Eugene David
...The One-Minute Pundit

Sunday, January 13, 2008


An exceptionally acclaimed author and inspirer of a potential Os-CAR® nominee is annoyed:

Do you read any online reviews?

I don't read the blogs much. I don't like the tone-the rather in-your-face road-rage quality of a lot of exchange on the Internet. I don't like the threads that come out of any given piece of journalism. It seems that when people know they can't be held accountable, when they don't have eye contact, it seems to bring out a rather nasty, truculent, aggressive edge that I think slightly doesn't belong in the world of book reviewing.

And here is why, for all the hand-wringing and gnashing of fillings, the status quo in book reviewing will stand. Authors do not want to read negative reviews. Understandable; but frequently negative reviews are the only ones that will speak honestly. One reason we don't get more negative reviews is that no one wants to be the fellow who panned The Great Gatsby; but Great Gatsbys are exceedingly unlikely in this age, for reasons too tedious to rehash, and so we get lots of raves of lots of books that already have little distinction among them, getting less distinction still from the sound-alike raves. And we certainly don't want to upset exceptionally acclaimed authors. What the literary biz needs is a good shaking up, and a good weeding-out of its logrollers, but despite our exceptionally acclaimed author's annoyance it probably won't come from literary blogs, most of which are too obscure to matter, and whose proprietors also seem to believe they should be polite; but given our culture's increasing lack of confidence for all its blowhardness I would not want to guess where that shaking up and weeding out would come from.

And our potential-Os-CAR®-nominee inspirer's favorite Web site is something called Edge, which looks like the kind of hermetically-sealed thing that can only further serve to keep literature down.

P. S.

About The Life Transcripts:

"I just read the Life book and it is fantastic.

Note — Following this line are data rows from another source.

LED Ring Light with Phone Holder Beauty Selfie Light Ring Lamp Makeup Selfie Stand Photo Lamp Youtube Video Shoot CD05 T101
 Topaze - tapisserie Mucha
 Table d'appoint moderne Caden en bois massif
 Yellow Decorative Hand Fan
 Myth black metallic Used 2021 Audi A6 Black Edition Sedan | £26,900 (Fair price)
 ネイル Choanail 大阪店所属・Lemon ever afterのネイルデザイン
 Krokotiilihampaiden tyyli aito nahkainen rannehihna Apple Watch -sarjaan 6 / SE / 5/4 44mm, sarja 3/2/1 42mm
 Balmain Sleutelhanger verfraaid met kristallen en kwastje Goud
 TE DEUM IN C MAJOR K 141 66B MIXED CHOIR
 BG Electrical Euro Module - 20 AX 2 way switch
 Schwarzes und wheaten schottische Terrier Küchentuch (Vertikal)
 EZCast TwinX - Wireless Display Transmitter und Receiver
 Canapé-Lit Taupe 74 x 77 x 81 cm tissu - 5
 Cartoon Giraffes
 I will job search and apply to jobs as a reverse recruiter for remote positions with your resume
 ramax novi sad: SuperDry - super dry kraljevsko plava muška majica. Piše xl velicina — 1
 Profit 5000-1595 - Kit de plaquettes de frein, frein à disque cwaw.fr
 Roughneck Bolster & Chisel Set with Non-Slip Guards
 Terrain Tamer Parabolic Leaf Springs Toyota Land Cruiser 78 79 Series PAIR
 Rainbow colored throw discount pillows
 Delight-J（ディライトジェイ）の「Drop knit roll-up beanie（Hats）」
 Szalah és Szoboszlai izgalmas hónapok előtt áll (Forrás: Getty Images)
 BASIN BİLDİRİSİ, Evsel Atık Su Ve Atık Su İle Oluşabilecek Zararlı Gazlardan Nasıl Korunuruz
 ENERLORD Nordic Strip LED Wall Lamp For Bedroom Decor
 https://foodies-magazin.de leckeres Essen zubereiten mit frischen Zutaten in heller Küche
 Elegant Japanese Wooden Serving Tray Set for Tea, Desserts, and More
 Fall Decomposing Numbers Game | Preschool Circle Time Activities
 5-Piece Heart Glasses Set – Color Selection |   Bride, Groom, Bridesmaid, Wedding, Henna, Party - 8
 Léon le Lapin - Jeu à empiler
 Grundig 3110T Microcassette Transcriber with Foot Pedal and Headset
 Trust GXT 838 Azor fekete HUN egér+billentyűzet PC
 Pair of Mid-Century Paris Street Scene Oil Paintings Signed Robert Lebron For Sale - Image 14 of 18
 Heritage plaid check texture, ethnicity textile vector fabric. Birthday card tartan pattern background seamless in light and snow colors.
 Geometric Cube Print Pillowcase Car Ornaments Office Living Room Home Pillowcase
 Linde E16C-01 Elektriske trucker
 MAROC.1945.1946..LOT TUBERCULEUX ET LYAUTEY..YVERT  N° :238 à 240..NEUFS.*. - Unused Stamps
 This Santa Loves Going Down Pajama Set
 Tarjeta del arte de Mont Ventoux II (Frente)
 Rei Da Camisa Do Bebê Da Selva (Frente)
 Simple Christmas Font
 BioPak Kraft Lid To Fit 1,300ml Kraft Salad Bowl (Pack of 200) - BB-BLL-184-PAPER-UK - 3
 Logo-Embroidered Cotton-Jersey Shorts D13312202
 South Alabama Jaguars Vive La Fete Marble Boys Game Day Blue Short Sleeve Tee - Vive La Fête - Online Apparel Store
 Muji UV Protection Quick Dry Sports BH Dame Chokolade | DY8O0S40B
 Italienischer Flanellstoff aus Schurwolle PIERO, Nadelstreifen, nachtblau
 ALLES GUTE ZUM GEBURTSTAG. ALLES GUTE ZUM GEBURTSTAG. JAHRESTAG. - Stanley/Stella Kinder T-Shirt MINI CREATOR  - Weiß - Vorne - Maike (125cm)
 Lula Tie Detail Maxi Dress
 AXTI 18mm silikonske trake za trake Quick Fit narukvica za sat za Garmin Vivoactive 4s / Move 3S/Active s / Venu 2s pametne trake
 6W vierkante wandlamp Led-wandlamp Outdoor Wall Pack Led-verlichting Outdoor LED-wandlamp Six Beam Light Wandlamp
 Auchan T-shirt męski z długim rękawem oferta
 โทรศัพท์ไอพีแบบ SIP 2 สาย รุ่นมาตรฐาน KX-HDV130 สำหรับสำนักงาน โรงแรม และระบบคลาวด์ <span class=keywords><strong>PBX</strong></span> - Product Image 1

One of the better books I've read in a while. Super rich, high signal to noise, great subject."
Kevin Kelly, Editor-At-Large, Wired

Is this Julian Hirsch writing?

P. P. S. I should note Paramount Pete has complained yet again about all those gloomy Os-CAR® nominees, and this masterwork hasn't done that stupendously well at the B.O., so it appears Art must stay in her waiting room a little while longer.

(First link via the sometimes hermetically sealed Arts & Letters Daily)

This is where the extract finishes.